Crónica de Domingo: Los tizas
I
Era una muchacha flaca, de pelo en chorongos, y cuando sonreía lo hacía con todo el cuerpo. Sus rizos se erizaban como si llevara de cabellera un mar bravío. Recuerdo esto del día en que envió una tarea donde debíamos escribir la receta para la paz mundial.
Supongo que deseaba que pusiéramos en la lista: una pizca de amor, un tin de esperanza, par de onzas de amistad, o la dulzura y el azúcar que no nos sobra. Sin embargo, afirmé que los ingredientes necesarios eran clordiazepóxido, alprazolam, amitriptilina. Según mi razonamiento, si todos dormían, nadie podría agarrar un arma o destrozarle la vida al otro. Ella rió, rió mucho, y ahí estaba su mar bravío, como si fuera cala de náufragos, y me comentó que tenía una gran imaginación, un poco torcida, pero una gran imaginación. Y me lo creí. Quizá por eso en algún punto quise ser escritor, tal vez por eso me montó esa clase de películas en mi mente.
II
Aquel jabao alto lleno de pecas le enseñó a jugar ajedrez a un niño que masticaba la punta de su pañoleta roja hasta que perdía el color. Veinte y pico años más tarde, cada vez que tropezamos por la calle, aún me pregunta por mi madre y me coloca la mano en el hombro.
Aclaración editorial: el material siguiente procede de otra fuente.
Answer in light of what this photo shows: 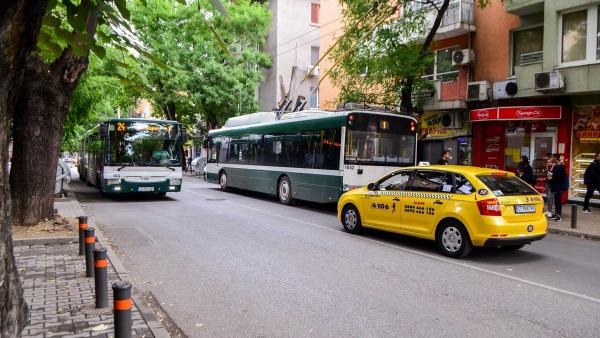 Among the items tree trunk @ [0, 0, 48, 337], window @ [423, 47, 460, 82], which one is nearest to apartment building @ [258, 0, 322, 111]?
window @ [423, 47, 460, 82]

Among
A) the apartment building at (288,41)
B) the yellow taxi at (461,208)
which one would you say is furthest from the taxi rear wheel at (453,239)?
the apartment building at (288,41)

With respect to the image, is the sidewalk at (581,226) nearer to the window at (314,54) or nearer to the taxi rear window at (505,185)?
the taxi rear window at (505,185)

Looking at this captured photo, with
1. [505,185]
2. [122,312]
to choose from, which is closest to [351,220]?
[505,185]

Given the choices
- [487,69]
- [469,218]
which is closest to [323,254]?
[469,218]

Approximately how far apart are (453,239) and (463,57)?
12.7 meters

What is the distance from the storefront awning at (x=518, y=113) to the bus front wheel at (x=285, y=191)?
7.39 metres

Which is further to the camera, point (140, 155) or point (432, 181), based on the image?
point (140, 155)

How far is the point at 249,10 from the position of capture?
32094 millimetres

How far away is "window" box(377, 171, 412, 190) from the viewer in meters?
9.61

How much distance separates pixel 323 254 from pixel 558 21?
1235 centimetres

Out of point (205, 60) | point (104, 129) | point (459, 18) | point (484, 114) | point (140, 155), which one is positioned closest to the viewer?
point (104, 129)

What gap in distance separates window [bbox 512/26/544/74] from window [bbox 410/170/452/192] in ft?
35.2

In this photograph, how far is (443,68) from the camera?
2059 cm

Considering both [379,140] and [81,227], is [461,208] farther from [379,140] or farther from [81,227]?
[81,227] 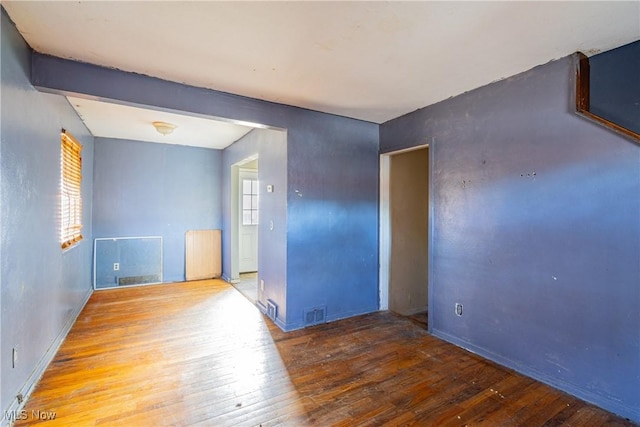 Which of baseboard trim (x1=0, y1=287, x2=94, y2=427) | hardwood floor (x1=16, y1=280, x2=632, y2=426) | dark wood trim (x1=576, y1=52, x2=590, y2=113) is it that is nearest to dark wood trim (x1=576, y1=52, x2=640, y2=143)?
dark wood trim (x1=576, y1=52, x2=590, y2=113)

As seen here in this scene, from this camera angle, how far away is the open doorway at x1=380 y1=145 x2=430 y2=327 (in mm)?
3795

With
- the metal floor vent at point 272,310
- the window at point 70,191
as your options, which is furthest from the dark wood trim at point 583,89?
the window at point 70,191

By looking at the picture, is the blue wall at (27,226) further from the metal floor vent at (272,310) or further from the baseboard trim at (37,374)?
the metal floor vent at (272,310)

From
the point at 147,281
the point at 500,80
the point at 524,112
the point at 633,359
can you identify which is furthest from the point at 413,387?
the point at 147,281

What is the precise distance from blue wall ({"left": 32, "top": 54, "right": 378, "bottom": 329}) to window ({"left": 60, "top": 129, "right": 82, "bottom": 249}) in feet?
4.49

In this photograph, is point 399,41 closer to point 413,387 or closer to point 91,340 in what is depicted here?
point 413,387

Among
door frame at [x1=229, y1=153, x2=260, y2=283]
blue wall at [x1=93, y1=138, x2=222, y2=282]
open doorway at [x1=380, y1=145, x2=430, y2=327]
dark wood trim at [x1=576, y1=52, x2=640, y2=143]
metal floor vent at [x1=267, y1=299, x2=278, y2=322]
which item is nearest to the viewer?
dark wood trim at [x1=576, y1=52, x2=640, y2=143]

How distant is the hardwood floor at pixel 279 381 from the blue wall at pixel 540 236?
256 mm

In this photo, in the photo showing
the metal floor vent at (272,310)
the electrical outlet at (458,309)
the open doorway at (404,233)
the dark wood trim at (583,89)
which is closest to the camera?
the dark wood trim at (583,89)

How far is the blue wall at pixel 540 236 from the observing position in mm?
1893

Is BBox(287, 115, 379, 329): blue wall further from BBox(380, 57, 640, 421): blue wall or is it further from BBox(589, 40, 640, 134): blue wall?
BBox(589, 40, 640, 134): blue wall

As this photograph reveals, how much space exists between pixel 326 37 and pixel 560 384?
9.58 ft

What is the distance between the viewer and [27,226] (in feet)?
6.52

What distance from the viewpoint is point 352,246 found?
3.61m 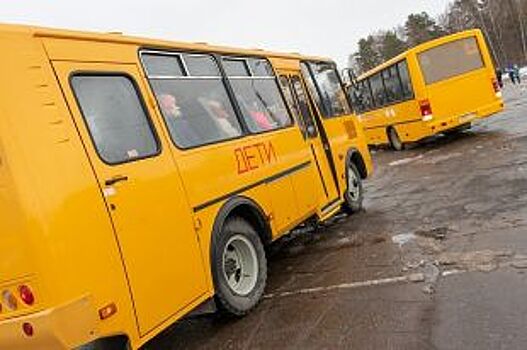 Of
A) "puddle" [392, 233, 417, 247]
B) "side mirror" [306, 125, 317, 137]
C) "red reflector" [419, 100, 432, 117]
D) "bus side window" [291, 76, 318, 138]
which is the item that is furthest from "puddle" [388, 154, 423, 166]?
"puddle" [392, 233, 417, 247]

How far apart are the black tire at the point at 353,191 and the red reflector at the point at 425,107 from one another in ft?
27.4

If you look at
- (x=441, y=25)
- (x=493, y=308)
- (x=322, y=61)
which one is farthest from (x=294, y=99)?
(x=441, y=25)

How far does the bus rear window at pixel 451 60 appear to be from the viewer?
68.2ft

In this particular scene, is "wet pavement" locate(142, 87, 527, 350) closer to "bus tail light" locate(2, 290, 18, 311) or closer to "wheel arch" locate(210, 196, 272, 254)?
"wheel arch" locate(210, 196, 272, 254)

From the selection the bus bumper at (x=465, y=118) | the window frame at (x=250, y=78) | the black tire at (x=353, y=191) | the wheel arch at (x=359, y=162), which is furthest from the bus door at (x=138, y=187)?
the bus bumper at (x=465, y=118)

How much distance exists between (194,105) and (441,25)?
10741 centimetres

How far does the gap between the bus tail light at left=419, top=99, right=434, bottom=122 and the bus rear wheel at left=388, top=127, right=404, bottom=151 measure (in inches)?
115

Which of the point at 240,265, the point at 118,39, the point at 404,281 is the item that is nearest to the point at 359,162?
the point at 240,265

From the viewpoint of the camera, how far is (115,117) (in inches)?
240

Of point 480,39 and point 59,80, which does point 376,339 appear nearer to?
point 59,80

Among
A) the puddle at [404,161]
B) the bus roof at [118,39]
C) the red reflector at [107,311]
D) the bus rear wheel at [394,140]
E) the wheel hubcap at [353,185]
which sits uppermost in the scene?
the bus roof at [118,39]

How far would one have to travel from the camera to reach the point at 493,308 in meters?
6.02

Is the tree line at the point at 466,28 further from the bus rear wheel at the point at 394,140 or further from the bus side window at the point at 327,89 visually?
the bus side window at the point at 327,89

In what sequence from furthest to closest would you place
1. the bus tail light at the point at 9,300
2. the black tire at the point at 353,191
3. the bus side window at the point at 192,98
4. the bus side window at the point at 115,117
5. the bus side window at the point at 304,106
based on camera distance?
the black tire at the point at 353,191 → the bus side window at the point at 304,106 → the bus side window at the point at 192,98 → the bus side window at the point at 115,117 → the bus tail light at the point at 9,300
Me resulta extraño poder mirarlo a los ojos, de tú a tú, porque, en mis recuerdos, lo observaba en escorzo, de abajo hacia arriba, y ahora casi llego a su altura. Tal vez suceda porque él para mí siempre será mi maestro, y yo el chamaco inquieto que más de una vez amenazaron con que iban a amarrarlo a la silla. En la memoria, los relojes no van más allá de caros brazaletes y adornos de pared.
III
Esa señora rubia regresó a Educación después de retirada, porque se hizo vieja mientras enseñaba que primero estuvo el verbo y luego el predicado; como si no pudiera estar lejos de las miradas de tantos mártires, y girasoles con ojos y boca, y cocodrilos con boinas, que abundan en los murales. Atravesaba en ese tiempo el divorcio de mis padres y yo, de naturaleza inquieta, sentía la ansiedad como un comején que devoraba mis letras hasta que me quedaba sin palabras. Ella me sentó y me habló de que los potenciales (el elástico, el intelectual, el de la paciencia) todos estaban ahí, dentro de mí. Solo necesitaba hallar mi centro de gravedad.
IV
Estuvieron también esos chiquillos de los ya extintos Profesores Generales Integrales, quienes para ganarse unos kilos y llegar a fin de mes traían de sus pueblos chiviricos o coquitos, o revendían chicles que compraban en la calle. Son los mismos que cuando no prestaban atención le poníamos FF (fast forward: avance rápido) a las teleclases y que nosotros, adolescentes que descubríamos el mercurio y el plomo del sexo, vacilábamos a las jovencitas que nos explicaban que una recta está conformada por infinitos puntos. Éramos tan puntos en aquel entonces, que no comprendíamos ni siquiera las rectas al pecho.
V
Ahí se encontraba a ese profesor que, cuando tocaba prueba, se vestía de traje, corbata y sombrero a lo Humprey Bogart y, según el rumor, entre más elegante estuviera más duro sería el examen. También por ahí rondaba esa señora de Química que llamábamos la «sinco», la «sin corazón», porque quién dijo que la piedra filosofal existe, y su historial de bajas en la Vocacional era más larga que la lista de muertes del más certero francotirador soviético de la Segunda Guerra Mundial.
VI
Y también estoy yo que, por atrevido, me paré frente a un aula con todos mis maestros a cuesta, los excelentes, los MB y los regulares. Solo ahí, bajo la mirada de 20 o 30 ojos y las pupilas oscuras como la punta de los fusiles, te percatas de qué tan hermoso y a la vez exigente resulta el oficio.
Mucha gratitud a esos que este 22 de diciembre nunca pierden la compostura, aunque seamos insoportables muchos de nosotros; a los que, a pesar de que le han subido el salario, una y otra vez, no les alcanza; los que torean grupos de Whatsapp donde los padres se creen que su hijo vale oro e incienso: los tizas.